Exploitation of Nature and Women in Margaret Atwood’s Surfacing

B. Muthulakshmi
Ph.D. Full- Time Research Scholar
Manonmaniam Sundaranar University
Tirunelveli
balumuthu1961@gmail.com

The most important problem that man faces today is the degradation of land and environment and its consequences on human existence. Margaret Atwood’s Surfacing deals with the power and the domination that directly oppresses both the feminine and the natural world. The narrator depicts the protagonist of the novel as a representative for all those who are exploited and abused because of their powerlessness. The novelist has made an attempt to create an emphatic relationship between the wounded self of an unnamed protagonist and the damaged landscape of the island, Quebec. The protagonist had a relationship with her lover and got conceived. The lover himself compels her to abort the baby and when she aborts she feels herself as murderous. This shows her emotional and artistic death. The journey to Quebec is not only for searching her father but also for the self-exploration of her identity. The protagonist links her life with the natural things as her life has been totally changed. She revolts against exploitation. She feels so confident about her own power and refuses to be a victim. At last she gains absolute freedom. Throughout the journey, the protagonist realises her self – discovery and assertion of her individual identity. She pacifically tries to transform the dominant nature of men by restoring harmony between women and men.

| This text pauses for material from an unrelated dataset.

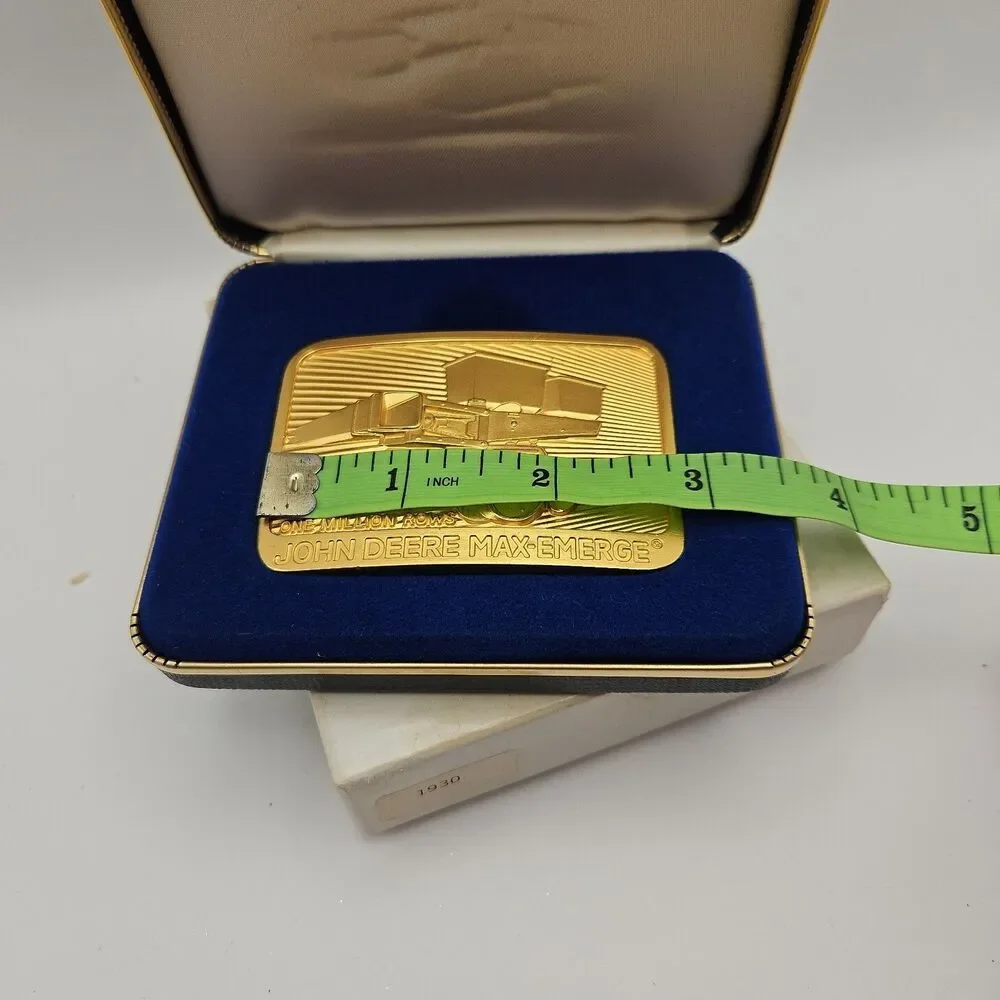 1984 John Deere Max-Emerge ONE MILLION ROWS Planter Belt Buckle 1930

The most important problem that man faces today is the degradation of land and environment and its consequences on human existence. In this context the term Ecofeminism becomes highly relevant. It is a new way of approaching nature. According to Andy Smith, ecofeminists are “mostly concerned about the oppression of women and the oppression of earth” (27). The term ecofeminism is a combination of ecology and feminism. Ecofeminism is a term coined in 1974 by Francoise d’ Eaubonne. According to Greta Gaard, “Ecofeminism’s basic premise is that the ideology which authorises oppressions that based on race, class, gender, sexuality and physical abilities are the same ideologies which sanctions the oppression of nature” (20). Ecofeminists point out that wherever nature is exploited, women are also degraded and vice versa. Both women and nature are life sustaining and resource giving forces. Hence they should be treated property for the growth of society and world.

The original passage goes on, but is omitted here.